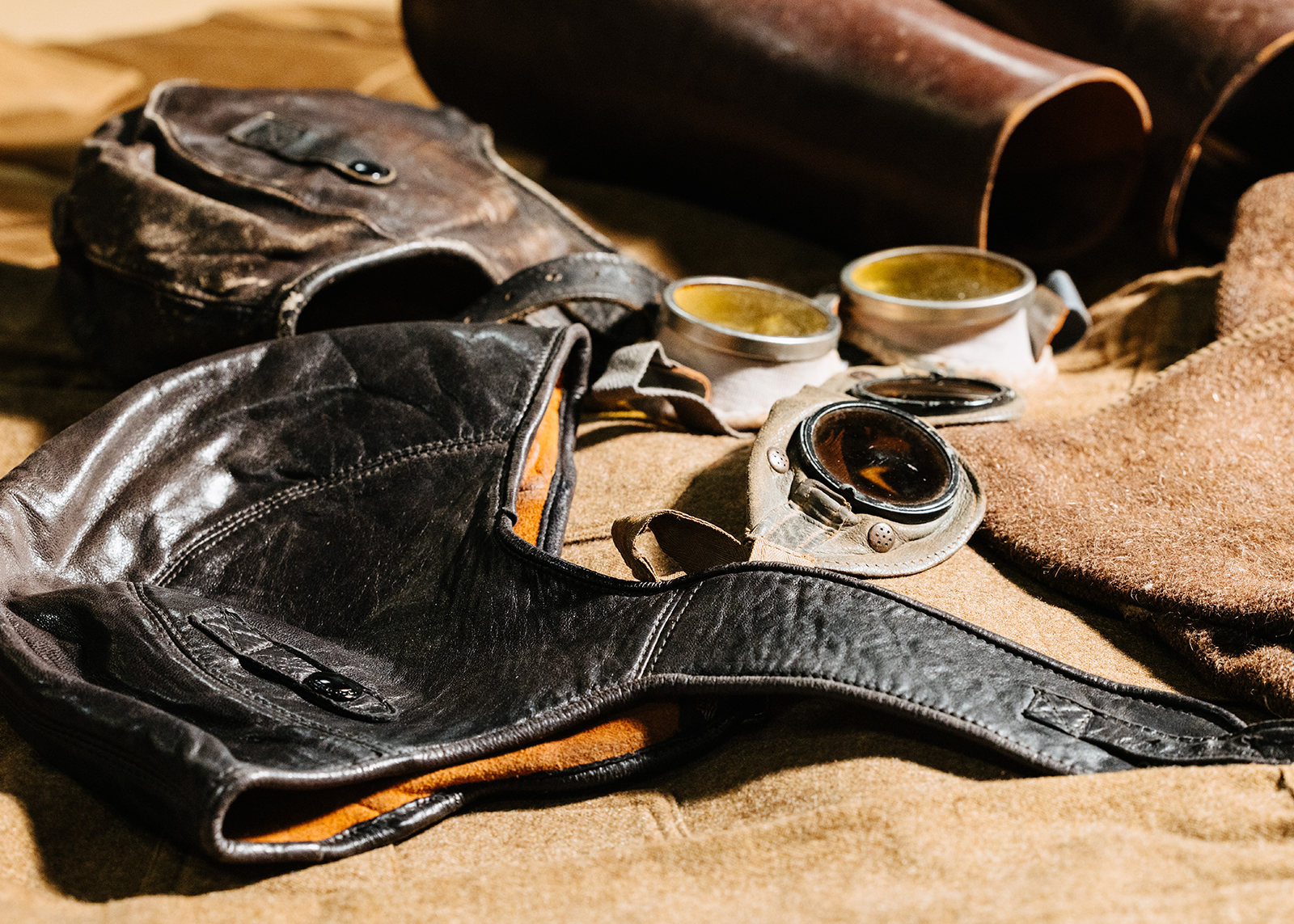 Close-up of vintage leather motorcycle helmet, gloves, and goggles with tinted lenses on brown fabric.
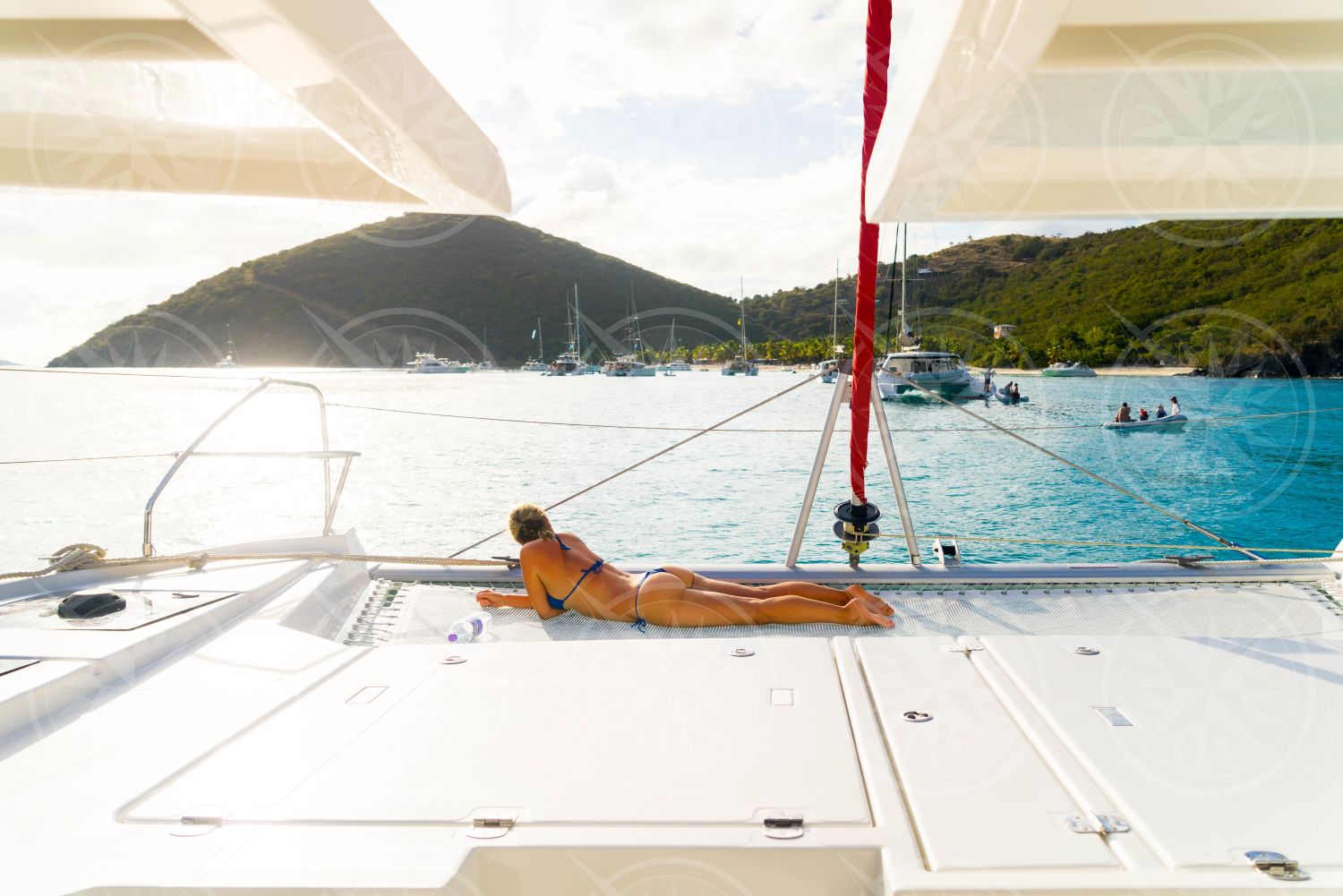 Woman in bikini on the bow of a catamaran off White Bay, Jost Van Dyke, British Virgin Islands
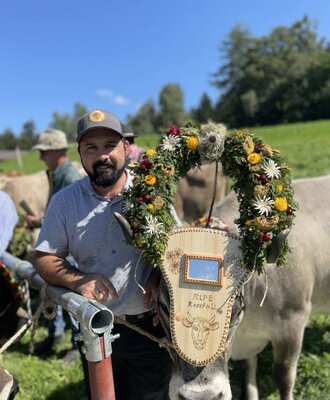 Der Bauer mit einer traditionell geschmückten Kuh, die einen Blumenkranz und eine Holztafel trägt, auf dem Bauernhof.
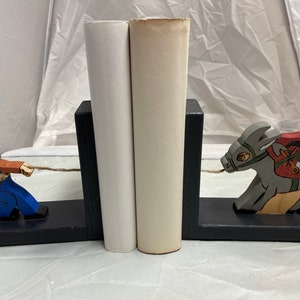 Wooden bookend of a miner and his mule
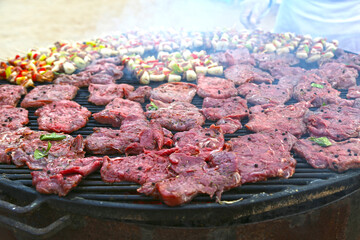Grilling shashlik on barbecue grill. Selective focus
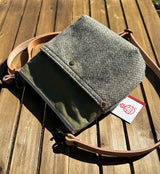 Barra hybrid bag in Barleycorn Harris Tweed and olive waxed canvas on a wooden table. Features an authentic Harris Tweed orb luxury label and a hand-cut natural leather shoulder strap.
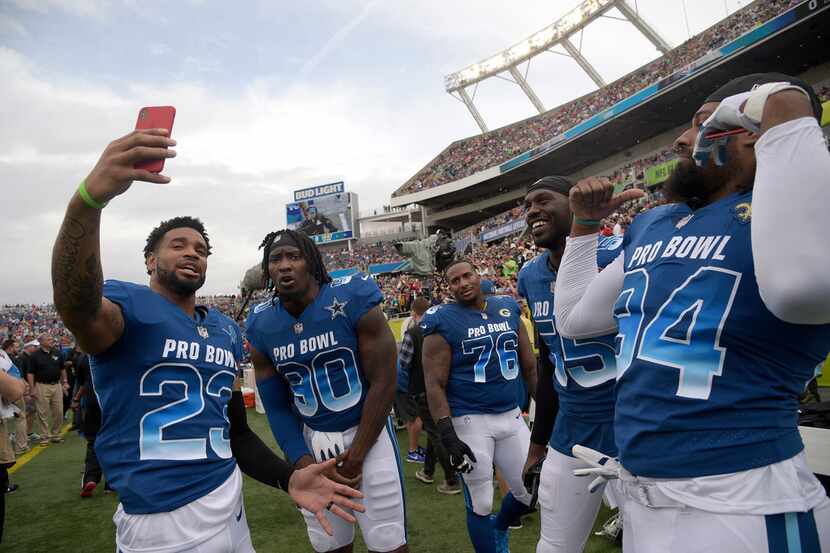 NFC defensive back Darius Slay (23), of the Detroit Lions, records with his phone before the...
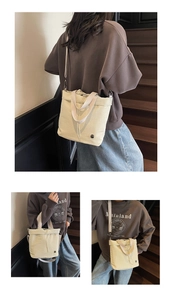 Detail view of a beige canvas drawstring tote bag with a metal logo and detachable strap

++++++

Could the lines from the first entry through the line that contains "Woman in bikini" be copied exactly, with all pictures left out?

Answer section –
 Close-up of vintage leather motorcycle helmet, gloves, and goggles with tinted lenses on brown fabric.
 Woman in bikini on the bow of a catamaran off White Bay, Jost Van Dyke, British Virgin Islands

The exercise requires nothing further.